Aim: To determine vascular endothelial growth factor C (VEGF-C) expression in retinal endothelial cells, its antiapoptotic potential and its putative role in diabetic retinopathy.

Method: Cultured retinal endothelial cells and pericytes were exposed to tumour necrosis factor (TNF)α and VEGF-C expression determined by reverse transcriptase-polymerase chain reaction. Secreted VEGF-C protein levels in conditioned media from endothelial cells were examined by western blotting analysis. The ability of VEGF-C to prevent apoptosis induced by TNFα or hyperglycaemia in endothelial cells was assessed by flow cytometry. The expression of VEGF-C in diabetic retinopathy was studied by immunohistochemistry of retinal tissue.

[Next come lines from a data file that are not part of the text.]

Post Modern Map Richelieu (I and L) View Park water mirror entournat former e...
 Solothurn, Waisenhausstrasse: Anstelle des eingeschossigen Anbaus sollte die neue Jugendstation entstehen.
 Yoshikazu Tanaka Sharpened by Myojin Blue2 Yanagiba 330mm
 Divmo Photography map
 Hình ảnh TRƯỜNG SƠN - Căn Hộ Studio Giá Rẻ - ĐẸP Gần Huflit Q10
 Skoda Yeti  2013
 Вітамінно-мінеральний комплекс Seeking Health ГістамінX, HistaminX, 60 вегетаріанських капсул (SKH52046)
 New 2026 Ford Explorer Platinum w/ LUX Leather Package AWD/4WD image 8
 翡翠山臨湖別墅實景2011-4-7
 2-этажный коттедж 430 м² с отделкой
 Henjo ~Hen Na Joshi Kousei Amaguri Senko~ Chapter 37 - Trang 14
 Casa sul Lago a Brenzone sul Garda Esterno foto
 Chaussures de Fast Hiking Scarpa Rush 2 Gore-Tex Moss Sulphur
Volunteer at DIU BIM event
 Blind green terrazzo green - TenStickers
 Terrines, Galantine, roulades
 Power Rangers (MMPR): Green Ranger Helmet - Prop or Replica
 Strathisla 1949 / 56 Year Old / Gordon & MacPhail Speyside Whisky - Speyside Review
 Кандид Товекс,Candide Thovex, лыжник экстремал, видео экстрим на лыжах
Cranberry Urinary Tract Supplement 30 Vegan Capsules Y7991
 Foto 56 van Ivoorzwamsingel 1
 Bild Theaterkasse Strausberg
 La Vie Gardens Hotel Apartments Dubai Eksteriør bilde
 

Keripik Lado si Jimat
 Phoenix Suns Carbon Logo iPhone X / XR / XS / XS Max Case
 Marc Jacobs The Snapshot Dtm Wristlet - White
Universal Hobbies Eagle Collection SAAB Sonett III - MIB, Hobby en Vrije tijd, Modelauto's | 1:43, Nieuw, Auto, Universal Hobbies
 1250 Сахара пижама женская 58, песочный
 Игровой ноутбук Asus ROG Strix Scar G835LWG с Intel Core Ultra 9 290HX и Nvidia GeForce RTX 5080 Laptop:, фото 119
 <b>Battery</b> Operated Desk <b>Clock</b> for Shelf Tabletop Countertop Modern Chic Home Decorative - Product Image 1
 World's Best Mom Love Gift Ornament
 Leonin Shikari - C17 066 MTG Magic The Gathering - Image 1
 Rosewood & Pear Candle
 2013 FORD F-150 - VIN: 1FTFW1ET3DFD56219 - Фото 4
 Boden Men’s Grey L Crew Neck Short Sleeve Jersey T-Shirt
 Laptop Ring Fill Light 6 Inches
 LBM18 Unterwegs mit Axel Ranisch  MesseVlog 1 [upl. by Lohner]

Result: VEGF-C was expressed by both vascular endothelial cells and pericytes. TNFα up regulated both VEGF-C and vascular endothelial growth factor receptor-2 (VEGFR)-2 expression in endothelial cells in a dose-dependent manner, but had no effect on VEGFR-3. Flow cytometry results showed that VEGF-C prevented endothelial cell apoptosis induced by TNFα and hyperglycaemia and that the antiapoptotic effect was mainly via VEGFR-2. In pericytes, the expression of VEGF-C mRNA remained stable on exogenous TNFα treatment. VEGF-C immunostaining was increased in retinal vessels in specimens with diabetes compared with retinal specimens from controls without diabetes.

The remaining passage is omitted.